- [YOUR ASSIGNMENT]
Look through the records, and whenever a line includes the word "Pink", copy it.

- [Crawled caption data]
++++++++++
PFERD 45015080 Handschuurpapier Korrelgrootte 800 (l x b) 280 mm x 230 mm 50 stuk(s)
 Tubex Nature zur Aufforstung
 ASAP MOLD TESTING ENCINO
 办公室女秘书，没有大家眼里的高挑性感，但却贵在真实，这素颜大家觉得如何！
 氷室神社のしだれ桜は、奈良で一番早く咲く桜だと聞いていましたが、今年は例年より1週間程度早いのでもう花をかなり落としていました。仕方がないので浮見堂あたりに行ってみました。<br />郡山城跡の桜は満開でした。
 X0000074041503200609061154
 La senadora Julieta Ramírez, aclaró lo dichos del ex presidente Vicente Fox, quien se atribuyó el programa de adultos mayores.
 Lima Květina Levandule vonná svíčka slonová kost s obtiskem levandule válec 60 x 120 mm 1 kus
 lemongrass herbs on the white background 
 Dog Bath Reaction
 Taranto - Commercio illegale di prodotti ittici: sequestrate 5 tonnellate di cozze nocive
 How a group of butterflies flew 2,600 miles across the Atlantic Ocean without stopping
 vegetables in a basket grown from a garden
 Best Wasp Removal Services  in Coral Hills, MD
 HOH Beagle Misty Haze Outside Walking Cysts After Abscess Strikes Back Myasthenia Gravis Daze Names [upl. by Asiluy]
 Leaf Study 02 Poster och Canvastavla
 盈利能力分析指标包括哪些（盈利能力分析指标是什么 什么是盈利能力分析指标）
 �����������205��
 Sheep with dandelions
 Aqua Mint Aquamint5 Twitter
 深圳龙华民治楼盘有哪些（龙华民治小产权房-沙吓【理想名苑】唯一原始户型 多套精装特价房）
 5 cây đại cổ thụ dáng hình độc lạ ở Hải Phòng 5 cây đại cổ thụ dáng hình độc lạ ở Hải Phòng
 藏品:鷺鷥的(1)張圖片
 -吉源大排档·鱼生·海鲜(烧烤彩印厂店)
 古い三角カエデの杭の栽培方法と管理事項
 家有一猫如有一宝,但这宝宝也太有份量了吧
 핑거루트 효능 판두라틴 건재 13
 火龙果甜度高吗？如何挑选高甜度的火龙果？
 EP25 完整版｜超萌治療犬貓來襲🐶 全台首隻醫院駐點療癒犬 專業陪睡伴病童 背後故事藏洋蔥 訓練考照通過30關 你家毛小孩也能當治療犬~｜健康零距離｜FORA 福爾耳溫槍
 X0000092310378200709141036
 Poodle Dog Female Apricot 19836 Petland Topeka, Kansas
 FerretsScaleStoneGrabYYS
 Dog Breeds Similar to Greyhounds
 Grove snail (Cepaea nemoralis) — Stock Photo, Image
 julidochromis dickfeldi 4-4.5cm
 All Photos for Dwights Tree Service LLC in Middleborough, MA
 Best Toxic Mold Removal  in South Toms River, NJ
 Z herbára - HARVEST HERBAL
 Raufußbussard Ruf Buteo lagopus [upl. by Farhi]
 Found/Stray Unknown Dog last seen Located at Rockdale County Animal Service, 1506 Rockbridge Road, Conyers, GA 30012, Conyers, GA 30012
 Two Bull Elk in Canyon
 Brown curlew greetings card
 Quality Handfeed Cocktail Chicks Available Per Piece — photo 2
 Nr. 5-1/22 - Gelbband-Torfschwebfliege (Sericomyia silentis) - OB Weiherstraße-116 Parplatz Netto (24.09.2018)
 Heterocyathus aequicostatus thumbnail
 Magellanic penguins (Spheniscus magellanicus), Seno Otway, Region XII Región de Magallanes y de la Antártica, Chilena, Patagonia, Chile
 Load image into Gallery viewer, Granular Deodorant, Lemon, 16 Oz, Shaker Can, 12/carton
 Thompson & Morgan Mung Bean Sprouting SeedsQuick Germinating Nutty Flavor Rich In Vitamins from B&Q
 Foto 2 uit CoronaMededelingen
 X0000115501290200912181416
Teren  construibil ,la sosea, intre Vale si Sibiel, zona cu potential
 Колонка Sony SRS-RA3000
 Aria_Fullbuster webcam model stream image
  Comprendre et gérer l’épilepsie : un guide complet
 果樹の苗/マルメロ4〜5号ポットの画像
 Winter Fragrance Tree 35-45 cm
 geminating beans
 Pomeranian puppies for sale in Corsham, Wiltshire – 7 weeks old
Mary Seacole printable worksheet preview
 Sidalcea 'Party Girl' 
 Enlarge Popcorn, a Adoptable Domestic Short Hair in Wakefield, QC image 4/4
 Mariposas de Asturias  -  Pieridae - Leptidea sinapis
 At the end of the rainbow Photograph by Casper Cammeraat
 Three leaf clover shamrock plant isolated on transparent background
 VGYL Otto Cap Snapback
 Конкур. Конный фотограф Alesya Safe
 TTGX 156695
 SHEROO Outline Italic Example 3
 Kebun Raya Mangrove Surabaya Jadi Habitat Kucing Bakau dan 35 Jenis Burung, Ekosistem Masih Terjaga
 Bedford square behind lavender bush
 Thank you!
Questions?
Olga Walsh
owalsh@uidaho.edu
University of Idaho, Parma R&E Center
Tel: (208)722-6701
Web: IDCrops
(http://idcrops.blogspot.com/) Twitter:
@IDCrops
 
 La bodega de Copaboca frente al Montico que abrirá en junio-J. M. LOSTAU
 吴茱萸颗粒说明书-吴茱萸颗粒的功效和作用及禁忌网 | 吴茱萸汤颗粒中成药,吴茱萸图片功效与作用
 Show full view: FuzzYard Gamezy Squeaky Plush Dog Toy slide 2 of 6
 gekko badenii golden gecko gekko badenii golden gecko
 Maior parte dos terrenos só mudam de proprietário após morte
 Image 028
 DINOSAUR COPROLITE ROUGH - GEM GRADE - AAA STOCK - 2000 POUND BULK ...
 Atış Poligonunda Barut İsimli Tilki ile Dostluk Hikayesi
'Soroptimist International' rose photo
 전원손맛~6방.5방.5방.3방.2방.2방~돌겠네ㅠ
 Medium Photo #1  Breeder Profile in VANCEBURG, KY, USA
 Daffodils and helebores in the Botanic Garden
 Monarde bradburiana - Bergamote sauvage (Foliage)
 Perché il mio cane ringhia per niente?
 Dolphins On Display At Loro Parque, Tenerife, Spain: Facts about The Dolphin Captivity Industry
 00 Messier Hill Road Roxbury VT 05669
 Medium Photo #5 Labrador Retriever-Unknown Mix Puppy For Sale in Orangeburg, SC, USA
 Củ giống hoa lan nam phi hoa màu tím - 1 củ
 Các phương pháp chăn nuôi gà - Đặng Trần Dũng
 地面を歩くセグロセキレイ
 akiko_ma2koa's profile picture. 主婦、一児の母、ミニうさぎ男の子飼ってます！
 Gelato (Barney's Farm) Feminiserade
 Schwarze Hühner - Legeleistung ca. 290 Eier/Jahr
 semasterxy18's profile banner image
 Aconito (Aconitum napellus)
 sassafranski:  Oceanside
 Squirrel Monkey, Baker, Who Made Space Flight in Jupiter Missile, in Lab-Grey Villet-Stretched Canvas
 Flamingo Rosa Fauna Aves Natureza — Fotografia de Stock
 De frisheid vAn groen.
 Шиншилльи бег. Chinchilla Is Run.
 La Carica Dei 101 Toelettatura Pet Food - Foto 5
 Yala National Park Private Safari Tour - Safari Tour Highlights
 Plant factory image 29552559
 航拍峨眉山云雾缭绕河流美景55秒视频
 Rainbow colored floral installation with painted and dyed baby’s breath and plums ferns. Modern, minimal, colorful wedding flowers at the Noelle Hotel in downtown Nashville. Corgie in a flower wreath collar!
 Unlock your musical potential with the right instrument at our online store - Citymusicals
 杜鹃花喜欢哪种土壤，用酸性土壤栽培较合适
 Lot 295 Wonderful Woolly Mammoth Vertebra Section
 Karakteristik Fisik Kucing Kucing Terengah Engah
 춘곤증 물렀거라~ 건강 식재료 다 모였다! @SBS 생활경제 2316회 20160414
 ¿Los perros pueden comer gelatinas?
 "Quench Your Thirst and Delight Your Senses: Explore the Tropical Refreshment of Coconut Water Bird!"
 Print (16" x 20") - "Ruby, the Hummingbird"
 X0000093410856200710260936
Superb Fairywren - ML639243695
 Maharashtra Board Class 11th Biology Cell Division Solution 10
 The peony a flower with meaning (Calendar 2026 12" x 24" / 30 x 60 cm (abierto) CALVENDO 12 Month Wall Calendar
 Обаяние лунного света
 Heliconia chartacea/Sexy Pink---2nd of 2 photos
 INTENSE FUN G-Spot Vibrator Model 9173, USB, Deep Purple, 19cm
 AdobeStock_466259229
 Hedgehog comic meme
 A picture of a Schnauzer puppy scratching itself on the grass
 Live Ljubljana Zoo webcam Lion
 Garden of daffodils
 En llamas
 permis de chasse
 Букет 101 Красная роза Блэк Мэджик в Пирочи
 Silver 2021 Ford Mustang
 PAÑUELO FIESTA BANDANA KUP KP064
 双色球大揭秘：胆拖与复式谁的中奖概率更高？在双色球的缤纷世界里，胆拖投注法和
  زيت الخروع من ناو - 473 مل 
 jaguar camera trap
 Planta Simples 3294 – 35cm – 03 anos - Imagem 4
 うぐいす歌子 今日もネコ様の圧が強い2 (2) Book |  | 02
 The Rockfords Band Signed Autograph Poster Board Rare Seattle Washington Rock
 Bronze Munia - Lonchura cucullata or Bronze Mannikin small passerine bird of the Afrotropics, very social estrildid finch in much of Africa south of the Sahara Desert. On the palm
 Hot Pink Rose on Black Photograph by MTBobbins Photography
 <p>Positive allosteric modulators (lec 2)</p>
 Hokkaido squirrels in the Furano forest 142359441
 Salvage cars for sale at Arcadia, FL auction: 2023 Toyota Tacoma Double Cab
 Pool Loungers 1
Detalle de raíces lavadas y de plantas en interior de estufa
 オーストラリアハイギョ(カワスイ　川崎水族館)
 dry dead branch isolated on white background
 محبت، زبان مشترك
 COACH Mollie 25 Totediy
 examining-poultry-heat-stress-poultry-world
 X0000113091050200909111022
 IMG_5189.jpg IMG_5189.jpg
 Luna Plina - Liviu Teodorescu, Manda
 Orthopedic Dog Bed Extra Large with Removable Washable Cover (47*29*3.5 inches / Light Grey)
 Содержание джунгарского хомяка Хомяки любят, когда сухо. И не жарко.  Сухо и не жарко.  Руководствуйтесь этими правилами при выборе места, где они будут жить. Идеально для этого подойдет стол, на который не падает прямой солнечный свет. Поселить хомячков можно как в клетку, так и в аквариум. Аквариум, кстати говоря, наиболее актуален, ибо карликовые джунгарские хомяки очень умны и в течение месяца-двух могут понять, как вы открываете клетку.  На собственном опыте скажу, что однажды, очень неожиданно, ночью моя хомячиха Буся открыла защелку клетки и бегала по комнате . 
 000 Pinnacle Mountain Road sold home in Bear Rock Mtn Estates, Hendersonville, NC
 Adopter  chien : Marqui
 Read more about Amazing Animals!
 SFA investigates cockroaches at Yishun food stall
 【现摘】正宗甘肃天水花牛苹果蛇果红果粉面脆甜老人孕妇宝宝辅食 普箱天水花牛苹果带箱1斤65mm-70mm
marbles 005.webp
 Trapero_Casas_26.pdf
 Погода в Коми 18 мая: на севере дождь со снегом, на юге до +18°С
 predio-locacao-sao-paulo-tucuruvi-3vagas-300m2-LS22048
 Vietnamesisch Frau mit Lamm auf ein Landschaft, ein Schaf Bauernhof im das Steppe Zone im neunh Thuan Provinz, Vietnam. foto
++++++++++
- [ANSWER TO THIS PROBLEM]
 Heliconia chartacea/Sexy Pink---2nd of 2 photos
 Hot Pink Rose on Black Photograph by MTBobbins Photography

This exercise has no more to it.